Дмитрий Песков не смог ответить «Коммерсантъ FM» на вопрос, как в Кремле относятся к расследованиям сталинских репрессий. Накануне были обнародованы данные о 40 тыс. сотрудников НКВД эпохи «большого террора». Пресс-секретарь президента не готов озвучить единую позицию власти не потому, что не хочет, а потому, что такой позиции до сих пор нет, считает обозреватель «Коммерсантъ FM» Станислав Кучер.
С одной стороны, в 2015 году президент утверждает Концепцию государственной политики по увековечиванию памяти жертв политических репрессий. С другой — уже в 2016-м Минюст признает иностранным агентом со всеми вытекающими последствиями историко-правозащитное общество «Мемориал». С одной стороны, по указу президента в Москве скоро должен быть возведен мемориал жертвам репрессий «Стена скорби» скульптора Георгия Фаргуляна. С другой — при молчаливом согласии Кремля в стране появляются памятники Сталину.
Теперь цитата: «В нашей стране поворот к тоталитаризму на какой-то период времени возможен. Но опасность нужно видеть не в органах правопорядка, не в органах безопасности и даже не в армии. Эта опасность — в ментальности нашего народа, в нашей собственной ментальности. Нам всем кажется, не скрою, и мне иногда, что, если навести твердый порядок жесткой рукой, то всем нам станет жить лучше, комфортнее и безопаснее. На самом деле, эта комфортность быстро пройдет, потому что эта жесткая рука начнет нас быстро душить, и мы это быстро ощутим на себе и на членах наших семей».
Эти слова — из знаменитого интервью 39-летнего Владимира Путина режиссеру Игорю Шадхану, которое он дал в 1991 году. Спустя 11 лет — в 2002 году — Путин подтвердил, что его отношение к теме «твердой руки» не изменилось.
Не знаю, что произошло с тех пор – использовал ли национальный лидер ментальность народа для укрепления собственной власти, стал ли ее заложником, или и то и другое одновременно, но никогда еще в России нового тысячелетия ностальгия по Сталину и «твердой руке» не чувствовалась так остро, как сейчас. В условиях кризиса и конфронтации с Западом такой настрой общества власти удобен. И это, уверен, главная причина, почему Путин не спешит с публичной оценкой методов, которыми управлял и объединил советскую нацию «вождь народов».
Именно в этом, а не в пресловутой боязни нового раскола общества я вижу причину, почему Кремль устами Пескова оказался не готов прямо ответить на вопрос нашей радиостанции.

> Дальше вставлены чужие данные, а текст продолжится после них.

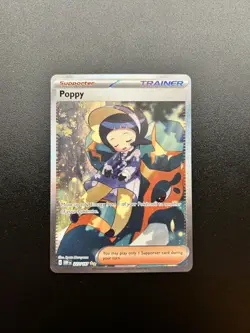 Pokemon TCG - Obsidian Flames: Poppy SIR - 227/197 - NM - Image 2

Напомню: никакого раскола не случилось даже после ХХ съезда и разоблачения культа личности Сталина. И это при том, что настоящих, убежденных сталинистов, веровавших в непогрешимость вождя, тогда было, мягко говоря, намного больше, чем сейчас.
Путин хоть завтра мог бы публично осудить сталинизм, призвать к десоветизации общественного сознания. И я готов поспорить на очень большие деньги: при адекватной медийной подготовке такого шага народ бы аплодировал решительности национального лидера. Какой раскол? Учитывая, что близкая и дальняя родня, пострадавшая от сталинских репрессий, найдется у каждого — от рабочего «Уралвагонзавода» до председателя Думы, — народ бы понял и приветствовал такое начинание с не меньшим энтузиазмом, чем присоединение Крыма.
Публичное заявление о том, что нынешняя российская власть не является преемником советской, однозначное осуждение преступлений сталинского режима позволило бы Путину очень четко позиционировать себя и обозначить ясный вектор развития страны. Поддержать гражданские инициативы типа расследования Дениса Карагодина, проекта «Последний адрес», вступиться за тот же «Мемориал» — все это только прибавило бы Путину популярности в своей стране, респектабельности на международном уровне и обновило его имидж. И, главное, действительно стало бы важнейшим шагом к подлинному объединению и нравственному взрослению общества.
Подозреваю, сейчас власть не готова к такому красивому шагу по единственной причине: в Кремле боятся любой инициативы снизу, любого движения, которое начали свободные самодостаточные граждане, а не идеологи со Старой площади. Проще говоря, власть по-прежнему не доверяет и боится собственного народа.
На самом деле я не разочарован отсутствием внятной реакции власти на крайне актуальную для всех нас общественную дискуссию. Этот разговор нужен нам с вами, в первую очередь, и только от нас зависит, будет ли он продолжен. А они пусть молчат и ждут. Главное, чтобы не мешали.